Trois ans avant le congrès d'Epinay qui fixera la ligne " d'unité de la gauche ", les inflexions sont significatives même si des phrases entières sont reprises de la déclaration de 1946. On n'écrit plus " lutte des classes " mais " émancipation des travailleurs " ; on évoque désormais " la socialisation progressive " des moyens de production. Le but final est certes toujours " non d'aménager un système mais de lui en substituer un autre ", mais un an après mai 1968, des thèmes nouveaux apparaissent : responsabilité et démocratie sociale dans l'entreprise, rapport des " travailleurs " à la culture et à " l'accélération du progrès technique ", lutte contre les discriminations - limitée au chapitre international.

 

1990.

" Parti de rassemblement, - le PS - met le réformisme au service des espérances révolutionnaires. (...) La faillite des sociétés bureaucratiques ne lui fait pas oublier que le capitalisme développe les inégalités. (...) "

 

Au lendemain de la chute du mur de Berlin, deux ans après le début du second septennat de François Mitterrand, la rupture est nette.

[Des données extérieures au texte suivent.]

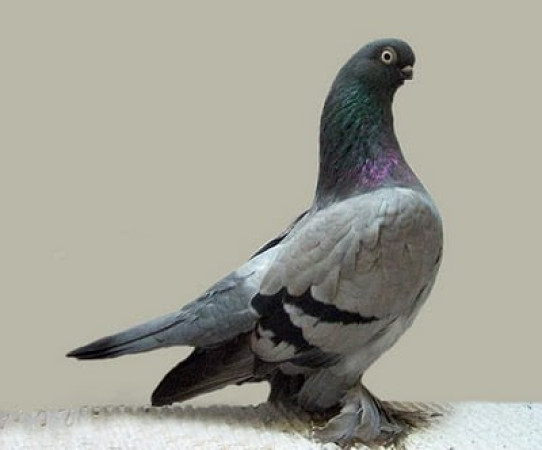 312497 pigeon 1419354933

Les " espérances révolutionnaires " sont certes toujours vivantes mais le PS, pour la première fois, se dit " favorable à une société d'économie mixte " reconnaissant " les règles du marché ". Outre son ouverture franchement européenne, cette avant-dernière mouture des " principes " socialistes - avalisée lors du calamiteux congrès de Rennes de mars 1990 - fait aussi écho aux nombreux débats de société qui ont traversé les années 1980 : laïcité, indépendance de la création culturelle, droit des femmes et des immigrés.